**WHAT TO PRODUCE:** Return the following data exactly, with all pictures left out.
(INFORMATION SUPPLIED)
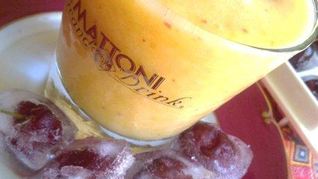 Смузи Вкусняшка из дыни и персика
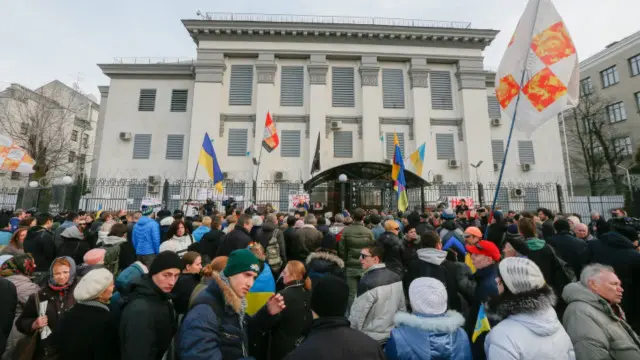 Під будівлею російського посольства у Києві вимагали звільнити Савченко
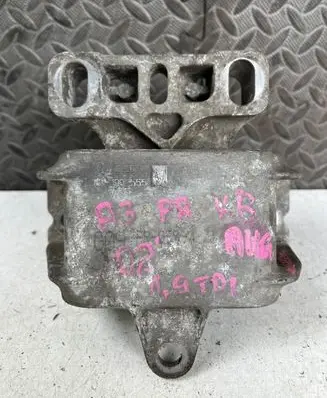 Audi A3 S3 8L Engine mount bracket 1J0199555AJ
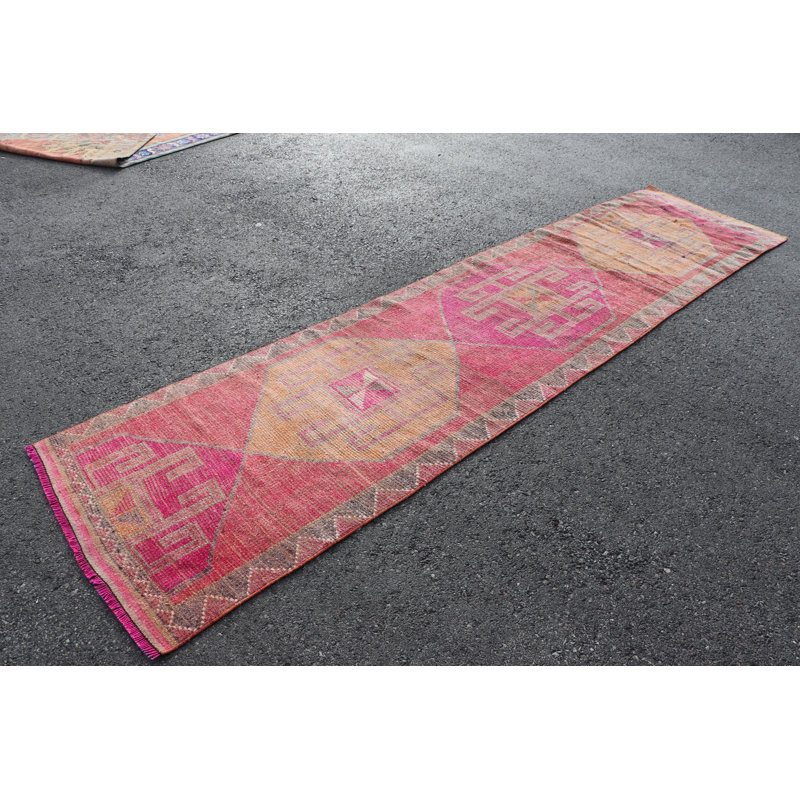 Tapis de couloir authentique fait à la main en rose vif, parfait pour la décoration intérieure et les espaces de cuisine avec des motifs uniques Herki et Oushak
(End INFORMATION SUPPLIED)
**RESPONSE BOX:**
 Смузи Вкусняшка из дыни и персика
 Під будівлею російського посольства у Києві вимагали звільнити Савченко
 Audi A3 S3 8L Engine mount bracket 1J0199555AJ
 Tapis de couloir authentique fait à la main en rose vif, parfait pour la décoration intérieure et les espaces de cuisine avec des motifs uniques Herki et Oushak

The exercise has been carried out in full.